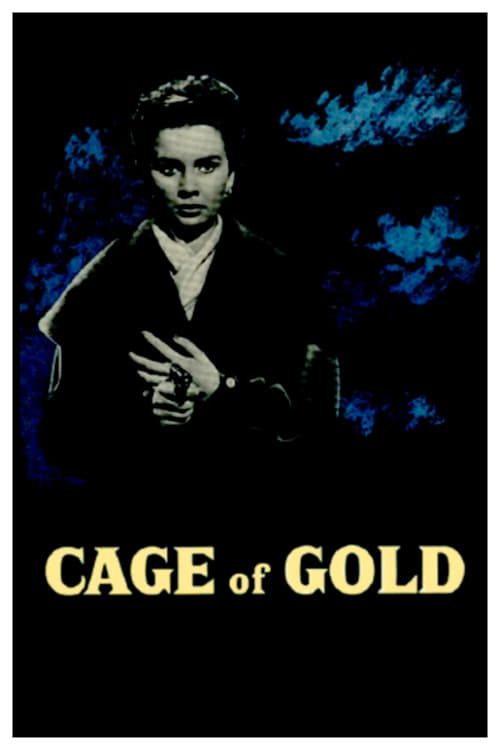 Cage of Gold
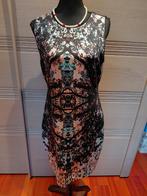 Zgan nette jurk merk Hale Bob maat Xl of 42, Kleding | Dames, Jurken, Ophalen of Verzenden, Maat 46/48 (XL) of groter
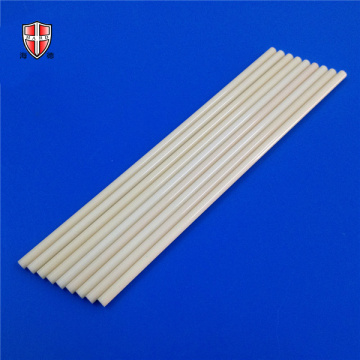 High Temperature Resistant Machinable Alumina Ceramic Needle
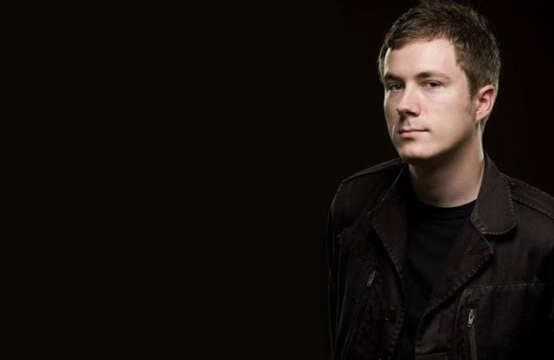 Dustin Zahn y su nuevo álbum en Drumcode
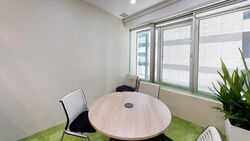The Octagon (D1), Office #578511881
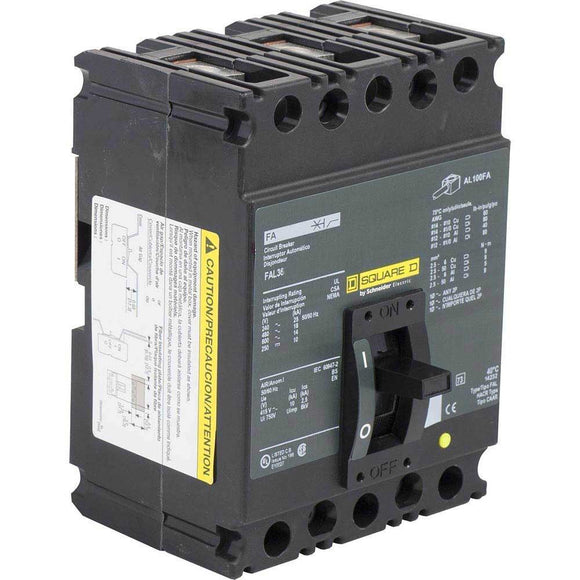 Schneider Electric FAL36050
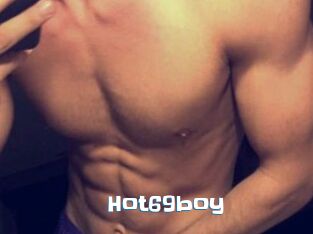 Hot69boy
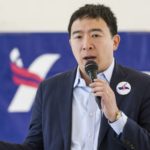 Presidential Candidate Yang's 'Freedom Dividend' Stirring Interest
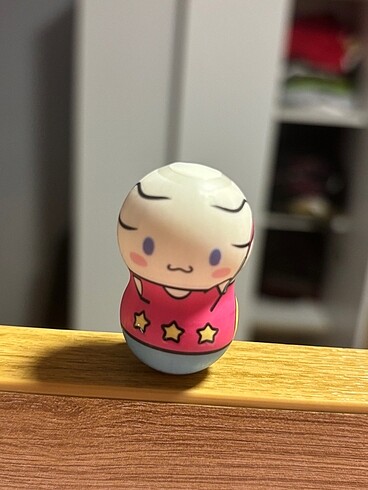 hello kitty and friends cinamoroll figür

####################

◆ TRY IT: The line with "Presidential Candidate Yang's" marks the start, and the last line of the material marks the end. Reproduce exactly those two lines and every line between them, without the pictures.

◆ WRITTEN REPLY:
 Presidential Candidate Yang's 'Freedom Dividend' Stirring Interest
 hello kitty and friends cinamoroll figür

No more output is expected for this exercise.